**How to complete this task**: Only the lines in the entries below from the line with "Used Mercedes-Benz CLA" to the line with "Danilo Medina establece", both included, belong in the answer, transcribed exactly and without pictures.

**Short text fragments from websites**:
= Beginning of Section =

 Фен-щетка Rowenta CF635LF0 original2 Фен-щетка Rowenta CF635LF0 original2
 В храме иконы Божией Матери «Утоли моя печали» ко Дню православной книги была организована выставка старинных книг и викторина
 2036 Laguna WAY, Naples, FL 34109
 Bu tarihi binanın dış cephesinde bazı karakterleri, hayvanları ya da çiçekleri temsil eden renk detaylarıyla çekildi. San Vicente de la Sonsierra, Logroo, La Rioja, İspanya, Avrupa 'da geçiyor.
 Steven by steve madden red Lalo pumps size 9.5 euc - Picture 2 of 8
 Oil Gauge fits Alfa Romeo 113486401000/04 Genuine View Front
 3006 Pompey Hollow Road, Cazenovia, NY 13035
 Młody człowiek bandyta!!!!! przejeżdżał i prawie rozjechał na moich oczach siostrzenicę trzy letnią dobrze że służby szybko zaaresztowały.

= End of Section =
= Beginning of Section =

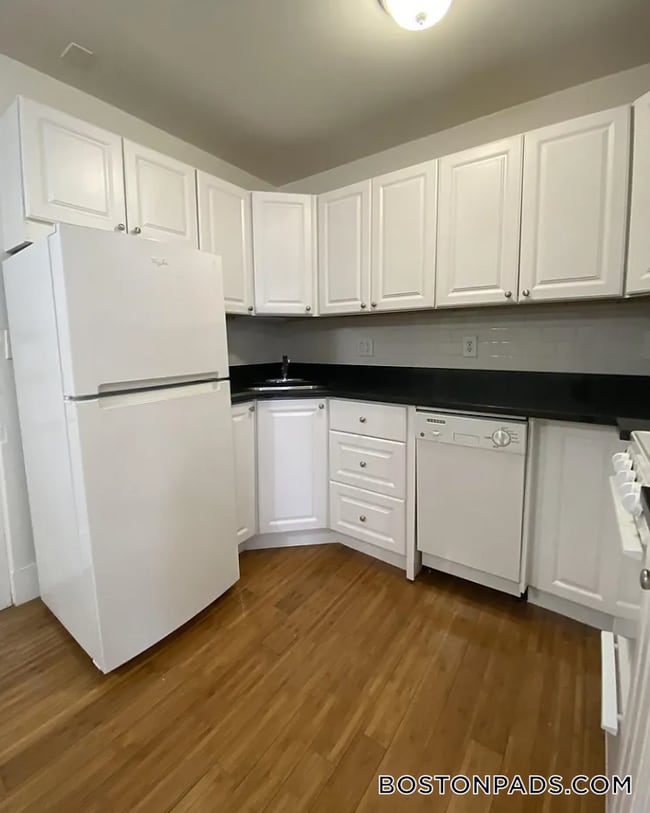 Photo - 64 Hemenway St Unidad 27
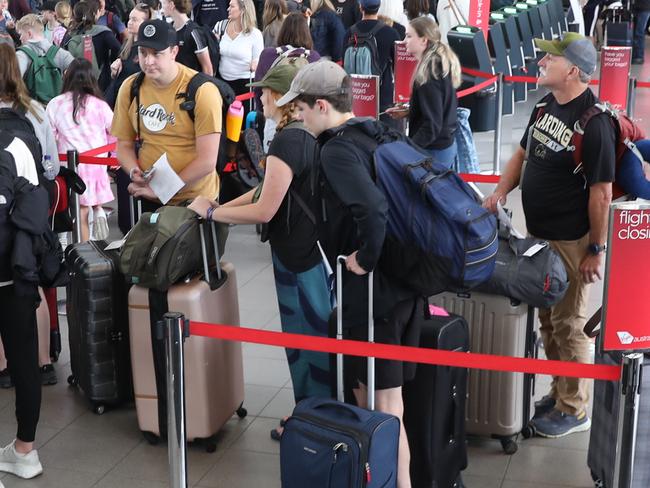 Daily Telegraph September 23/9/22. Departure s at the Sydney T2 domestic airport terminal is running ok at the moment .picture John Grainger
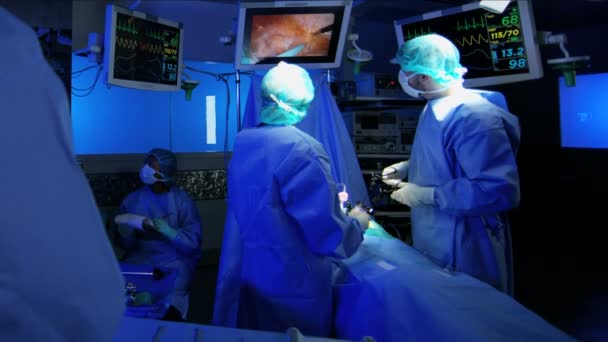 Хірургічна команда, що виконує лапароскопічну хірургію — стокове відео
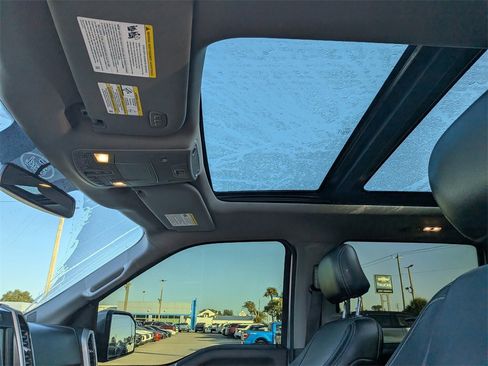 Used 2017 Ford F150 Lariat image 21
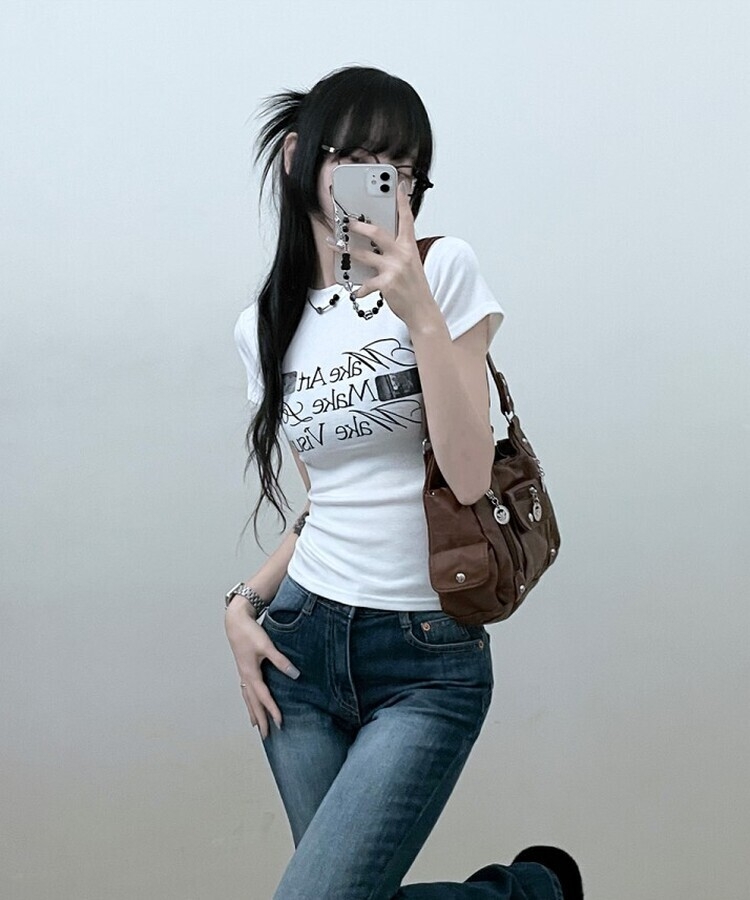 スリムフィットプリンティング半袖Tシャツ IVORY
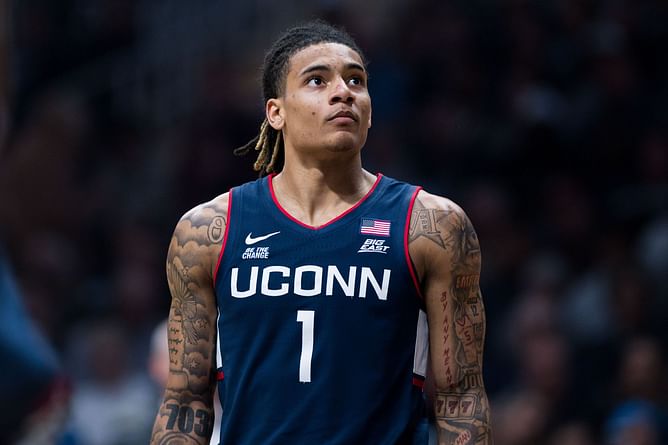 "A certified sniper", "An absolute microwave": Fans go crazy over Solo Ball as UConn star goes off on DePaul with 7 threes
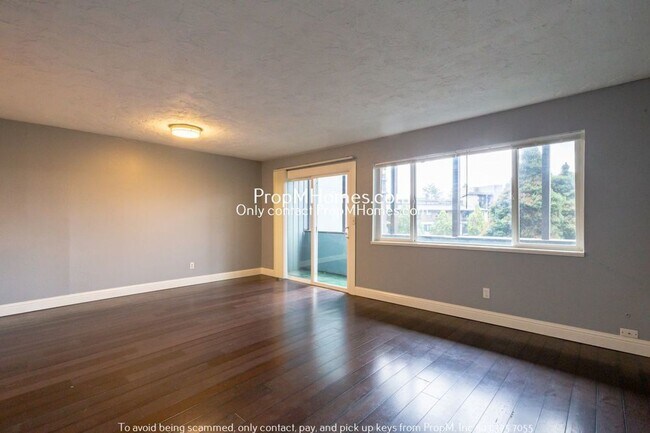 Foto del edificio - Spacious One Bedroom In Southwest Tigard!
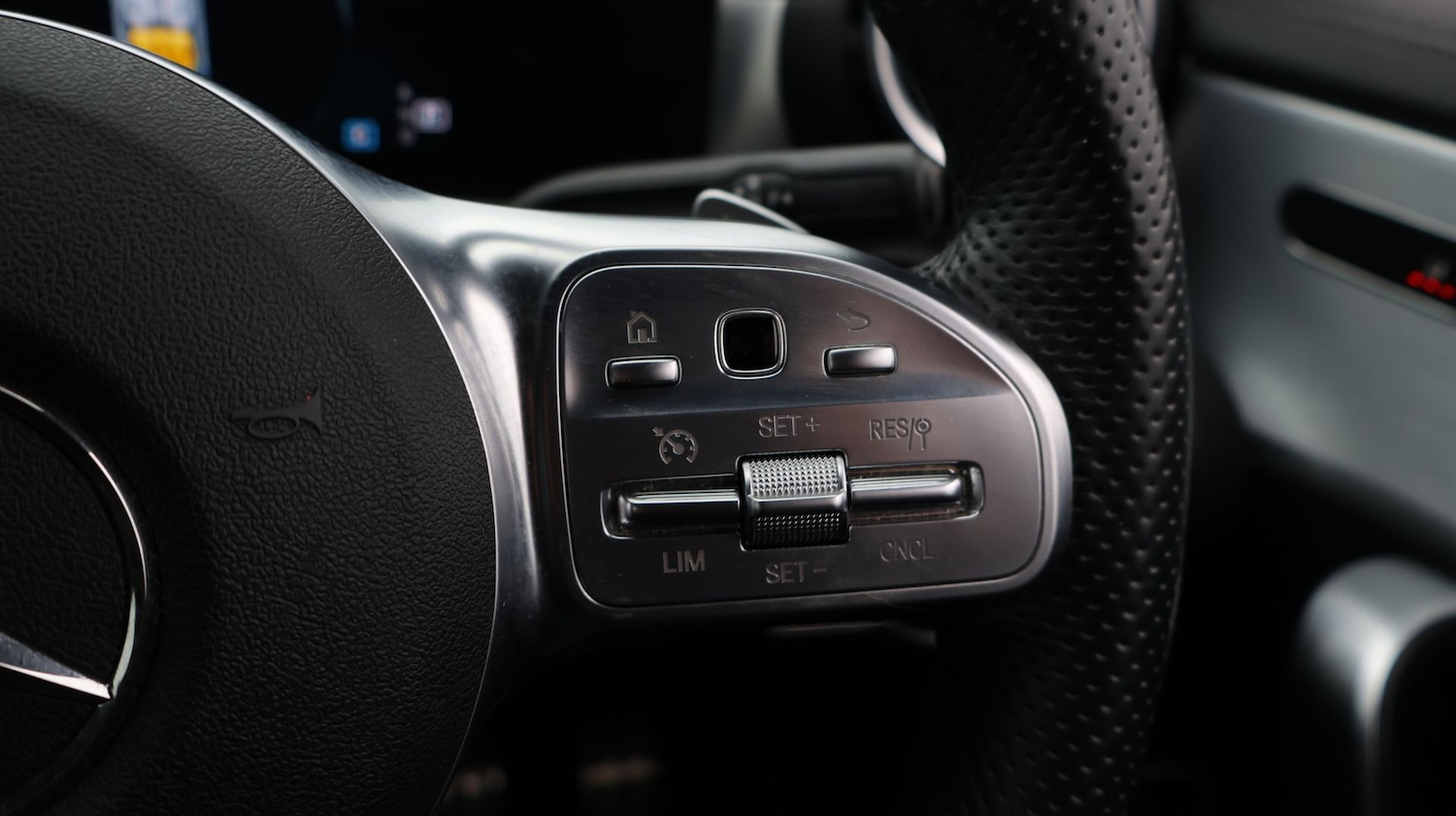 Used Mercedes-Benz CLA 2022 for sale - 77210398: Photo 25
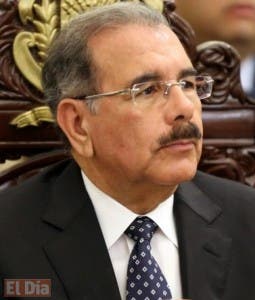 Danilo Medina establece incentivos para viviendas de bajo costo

= End of Section =

**Written answer**:
 Used Mercedes-Benz CLA 2022 for sale - 77210398: Photo 25
 Danilo Medina establece incentivos para viviendas de bajo costo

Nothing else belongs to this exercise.